▸ Data extract:
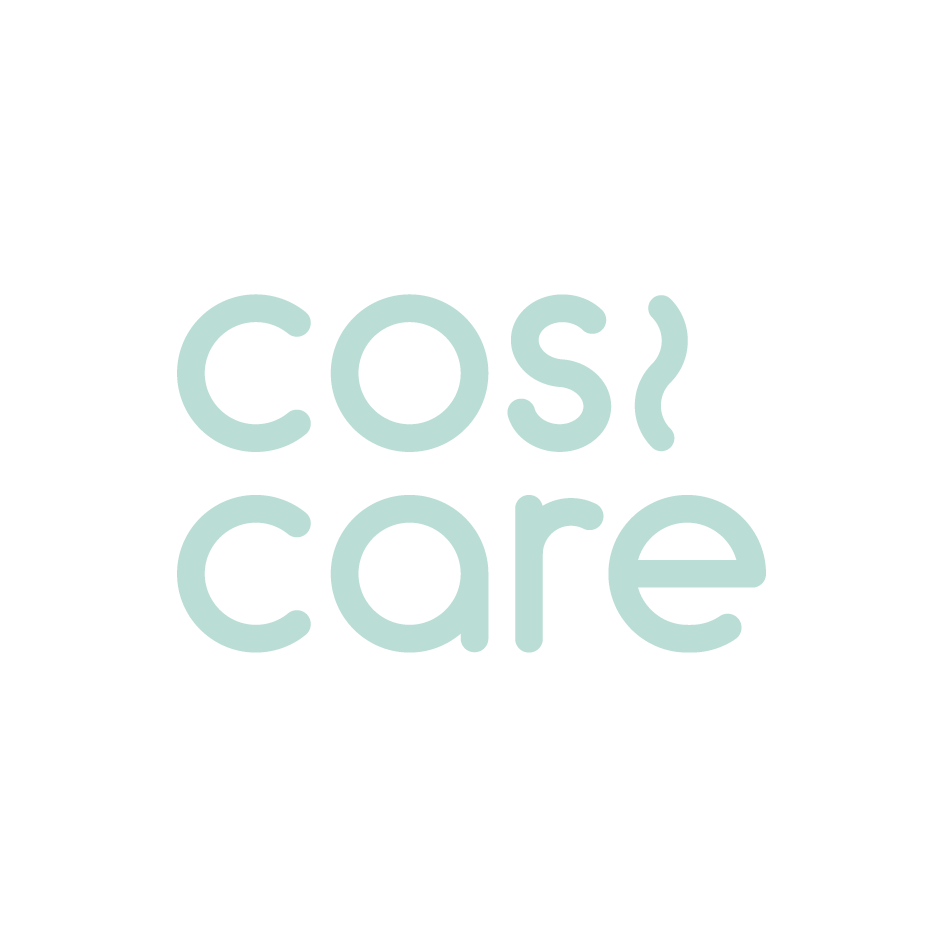 The image contains the words "cozi care" in light teal lowercase letters on a white background.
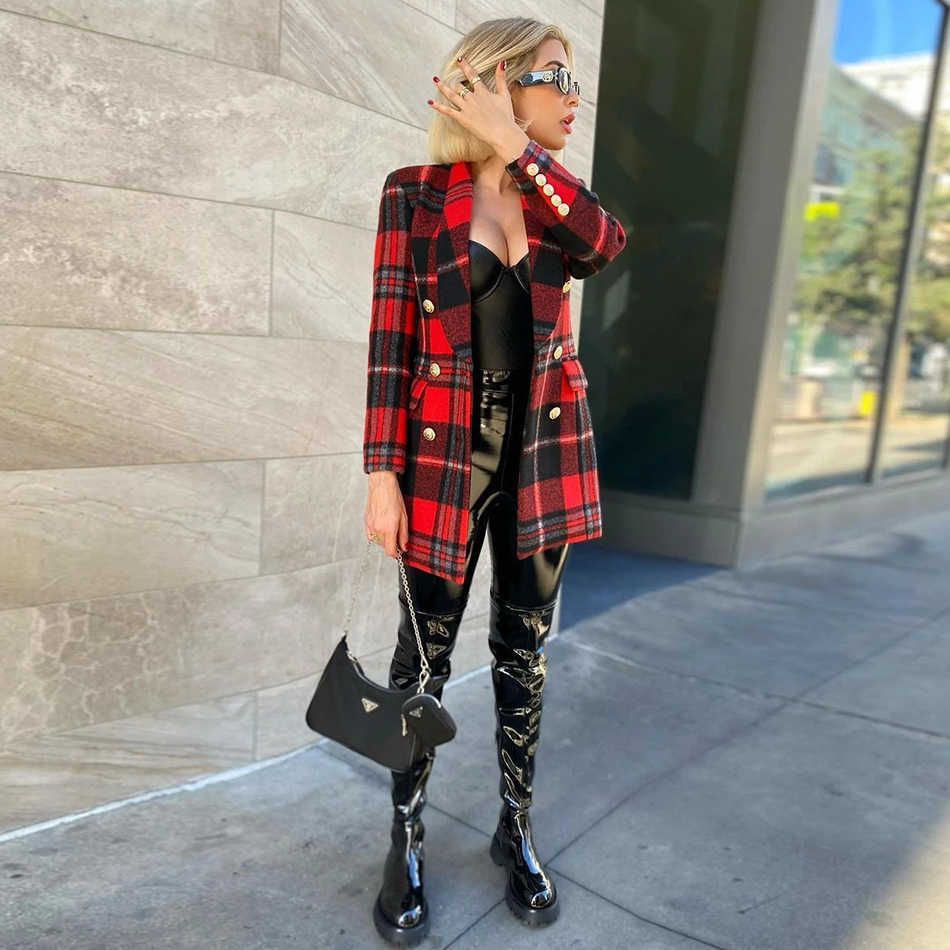 Summer Fashion Coat Ladies Office Plaid Red Slim Double Breasted V-Neck Sexy Women 210525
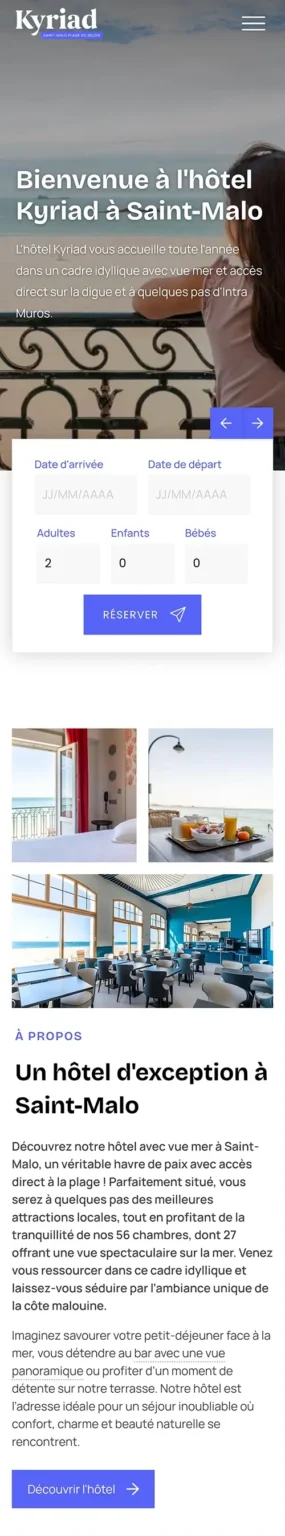 Site internet de Kyriad Saint-Malo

▸ About this exercise: Word for word, restate the whole listing and drop the images.

▸ Exercise result:
 The image contains the words "cozi care" in light teal lowercase letters on a white background.
 Summer Fashion Coat Ladies Office Plaid Red Slim Double Breasted V-Neck Sexy Women 210525
 Site internet de Kyriad Saint-Malo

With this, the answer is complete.